Washington — Scène rare, presque surréaliste, ce mercredi 14 mai, dans les travées feutrées du Congrès américain. Ben Cohen, cofondateur emblématique de la marque Ben & Jerry’s, militant pacifiste de longue date et figure de l’activisme progressiste américain, a été escorté hors d’une audition parlementaire après avoir pris à partie, avec véhémence, plusieurs élus républicains et démocrates sur le soutien militaire massif des États-Unis à Israël dans le conflit en cours à Gaza.

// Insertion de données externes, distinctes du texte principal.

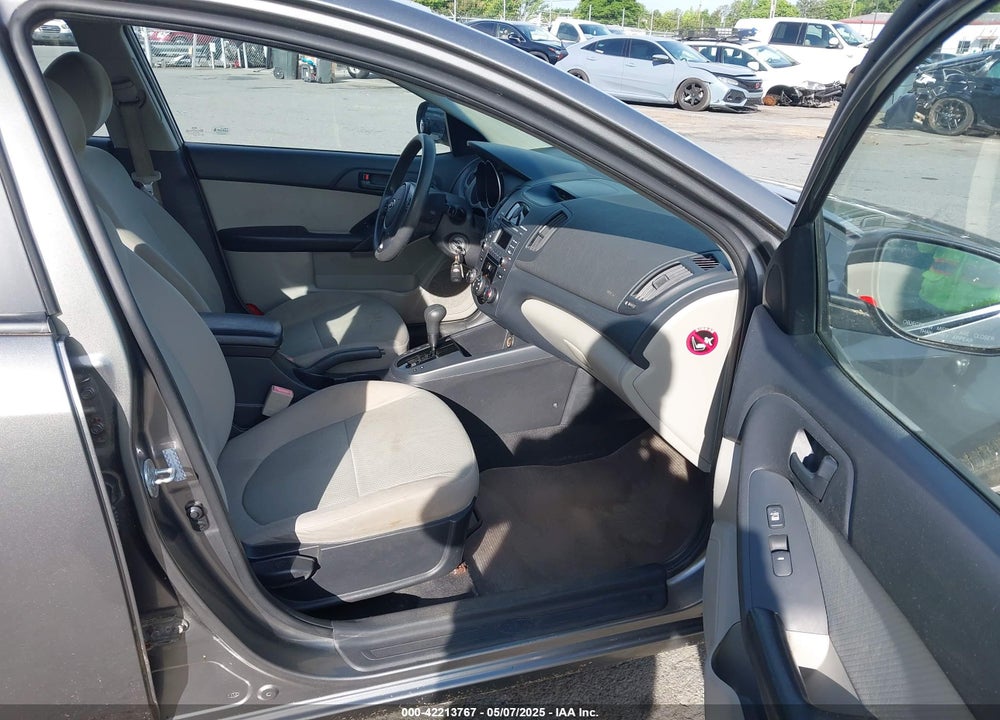2010 KIA FORTE EX VIN: KNAFU4A2XA5242981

L’épisode, capté par les caméras du Capitole, illustre la polarisation croissante de la scène politique américaine sur la question israélo-palestinienne, dans un climat empoisonné où toute prise de parole dérogeant aux lignes pro-israéliennes traditionnelles suscite immédiatement levée de boucliers, indignation, voire accusations d’antisémitisme.

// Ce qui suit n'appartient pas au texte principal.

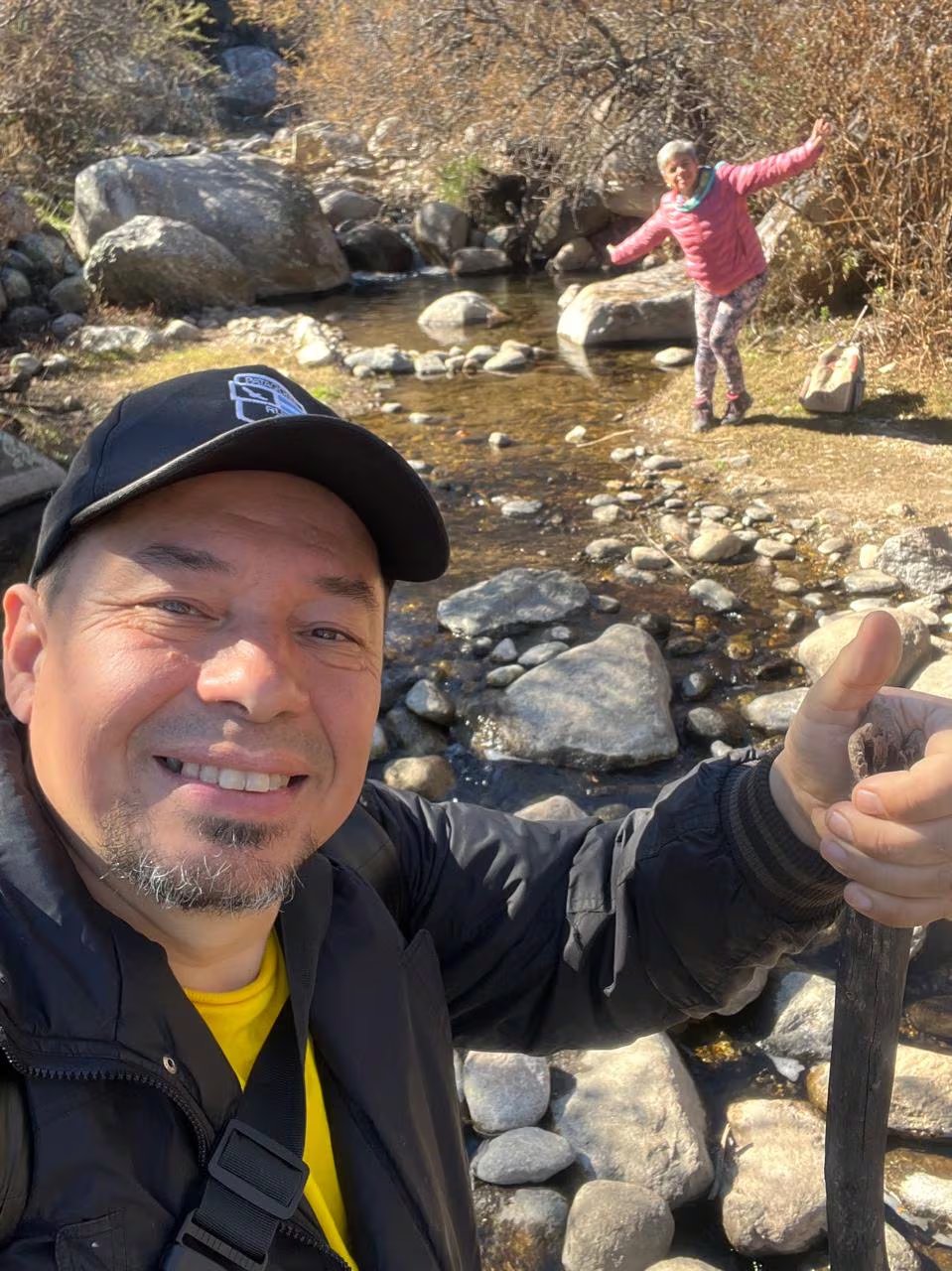 Pablo y su mujer, Patricia, disfrutan del entorno natural de su terreno en Villa Las Rosas, Traslasierra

Un entrepreneur devenu militant anticolonialiste assumé
Ben Cohen, visage rond, barbe blanche de patriarche bienveillant, n’est plus seulement l’homme derrière les parfums glacés aux noms pop et aux slogans libertaires. Depuis plusieurs années, l’entrepreneur a radicalisé ses positions, n’hésitant plus à qualifier Israël d’« État d’apartheid » et à exiger la suspension immédiate de toute aide militaire américaine au gouvernement Netanyahou.
Lors de son intervention impromptue — lors d’une commission sur l’usage des financements fédéraux dans les conflits internationaux — Cohen a dénoncé une « complicité criminelle » des États-Unis dans les bombardements sur Gaza, qualifiant l’administration Trump et ses alliés républicains de « complices de crimes de guerre ».

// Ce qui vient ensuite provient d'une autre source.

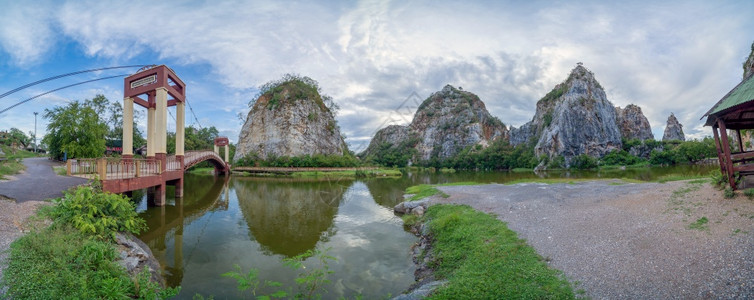 KhaoNguStone反映泰国拉恰布里日落时河湖山谷丘和热带绿树的公园旅行图片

Une prise de parole jugée hors de propos par la présidence de séance, qui a ordonné son expulsion immédiate après plusieurs avertissements restés lettre morte.
Une icône de la gauche américaine isolée ?
Si la radicalité de Ben Cohen ne surprend plus les cercles progressistes new-yorkais et californiens, son éviction brutale du Capitole agit comme un révélateur du climat délétère régnant désormais autour de toute critique de l’action israélienne. Aux États-Unis, l’alignement bipartisan sur la politique sécuritaire d’Israël demeure l’un des rares consensus transpartisans, où toute voix dissidente est immédiatement marginalisée, y compris au sein d’une gauche démocrate divisée entre solidarité historique et soutien aux mouvements pro-palestiniens émergents.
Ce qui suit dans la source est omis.